Let’s talk about strength.

I knew a Jean-Paul who loved a Jean-Louis; he loved him like a brother. One day, Jean-Louis confessed to Jean-Paul that people wanted to attack him. A very bizarre story. A little too much… Jean-Paul spent a whole day with his friend, doubtful, but wanting to see this mysterious white car which followed Jean-Louis as soon as he left his house. Nothing. ” Obviously. They saw you were there. »

Medicines were prescribed. Those pills probably knocked out Jean-Paul or any of us. But they barely calmed Jean-Louis, his paranoia was so violent, a real fire in his nervous system. He lived with a smoke detector ringing constantly under his skull. What to lose the pedals, right? He slept with a loaded rifle in the corner of the room, near the bed. The story ends badly. But neither Jean-Louis’ wife nor children ever had to fear him. Besides, his last words spoke of love.

In spite of the suffering, the panic fear, he preserved his family as best he could and heroically resisted the syndrome of the cat eating its young. For the lack of strength, we will come back. Besides, before judging someone’s strength, one should know the weight of what makes his back bend or pushes his skull to burst.

Did you say fragile?

Some of the most beautiful things that exist are extremely fragile: the dragonfly’s wing, all eyes, the perfection of a melody, a moment of happiness, life, whatever. Fragility is even often at the origin of this beauty; talk to the Frost Gardens. To do without it would greatly impoverish us.
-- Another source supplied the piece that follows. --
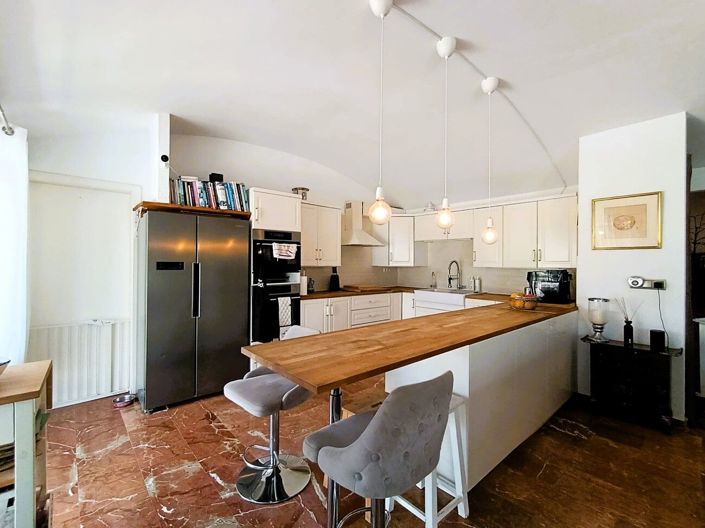 Image No.40-3 Bed Apartment for sale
Having made this brief eulogy of fragility, the person in question burnout is she a fragile person? Would she inherently have a weak constitution, from the point of view of the central nervous system? No. Not necessarily.

Would you say of a slave working twenty hours a day that he died of failing health? It would be false and despicable, even if I have no doubt that the thing was said, and more than once. However, the burnout, to speak of this modern scourge, often comes after months and years of hard-to-sustain pressure. Repeated bad luck, injustice, harassment, abuse, humiliation, toxic work climate, ostracization, lack of recognition, insufficient salary to take care of his family, separation, isolation, mourning, exile, constant stress, the tiles sometimes fly in bursts before fall on the heads of people too overwhelmed to notice.

Yes, in life, there are circumstances from which one cannot, for economic, family or other reasons, extricate oneself. Situations that are unbearable over time and that would make any normally sensitive being crack. In this sense, if the burnout is indeed a mental illness, I do not believe that it testifies, in a systematic way, to a weakness. THE burnout is often an injury. A neurochemical injury induced by the environment and by circumstances.

One day, on the radio, I heard the filmmaker Micheline Lanctôt, whose beautiful smile struggles to hide her great anger, describe society in a devastating way. “It’s a world eater! she cried. A cry from the heart, bright as a distress flare.

So, yes, let’s talk mental health. But let’s also reflect on the world that we are building for ourselves, that we accept, or not, to serve, to nourish in its schizoid excess. Let’s talk about prevention. Let the famous energy cubes give pride of place to cubes of silence, free time, encounters, daydreaming, listening, sharing.

And refusal. Let’s change life. It will take the time it needs. It could be if it could be. What can we do better? A society must be designed as a shelter for those who compose it, the exact opposite of a world eater.

What if mental illness was the canary in the mine?